Monday, February 10, 2014
Breakfast is my favorite meal of the day in Morocco. You hear loud praises for Moroccan main courses but not enough about the Moroccan breakfast. At home in Tangiers, we wake up gradually to the sound of the call to prayer, the barking dogs, the crowing roosters and the construction workers next door. Then, my husband makes a daily pilgrimage up the hill to a bakery that offers both traditional Moroccan and French baked goods and pastries.
This bakery is in Tanja El Balia along the main road known as “Route de Tanja el Balia.”” As you go up the hill from the new train station, you pass the taxi stands and look for the Branch office of Wafa Bank. The bakery is to the right of the Wafa Bank and set back from the street.
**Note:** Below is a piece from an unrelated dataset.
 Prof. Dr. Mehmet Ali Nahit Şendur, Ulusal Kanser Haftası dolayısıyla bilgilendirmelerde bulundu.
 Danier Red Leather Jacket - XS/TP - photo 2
It may be a little hard to find the first time but do persevere because it is worth the effort.
You have to get to the bakery early to buy the Moroccan specialties: Beghrir, melloui, rghaif, semolina harcha, barley harcha and many types of round white and dark breads. (These same specialties are served at teatime or as part of a light supper.) If you tip the ladies who work behind the counter, you’ll spare yourself the inevitable wait. The place is always packed. Judging from the license plates on the bakers’ cars, they were trained in Europe.
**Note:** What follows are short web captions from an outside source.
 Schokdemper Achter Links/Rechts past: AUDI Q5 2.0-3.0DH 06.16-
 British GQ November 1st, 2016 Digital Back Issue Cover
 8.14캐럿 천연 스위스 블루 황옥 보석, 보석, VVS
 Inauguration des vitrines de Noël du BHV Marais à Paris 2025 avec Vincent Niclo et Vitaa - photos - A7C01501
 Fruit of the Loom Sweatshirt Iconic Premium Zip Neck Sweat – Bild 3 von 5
Every day, we have something different. We may eat French-style with croissants, petits pains au chocolat or a baguette with café au lait. The breads and the pastries are as good as, if not better than, the puff pastry creations I ate growing up in Paris. To make sure the coffee and milk are hot, Moroccans put the breakfast liquids in thermos bottles. Finding a thermos bottle locally that actually keeps liquids warm has been a challenge.
Some mornings, we may just have a traditional Moroccan breakfast of sweet mint tea, bread, olive oil and olives. Moroccan breakfasts vary by region and by socioeconomic level. For breakfast, my husband’s father used to have barley soup. Others may serve you Harira. This is the national soup consumed every evening during Ramadan to break the fast. Eggs are sometimes served for breakfast. If you need a jolt of calories, try eggs and Khlea (meat preserved in fat.) For me, khlea is an expensive acquired taste but my husband loves it. He told me that his mother used to make huge amounts of khlea and store it for the winter in big ceramic jugs.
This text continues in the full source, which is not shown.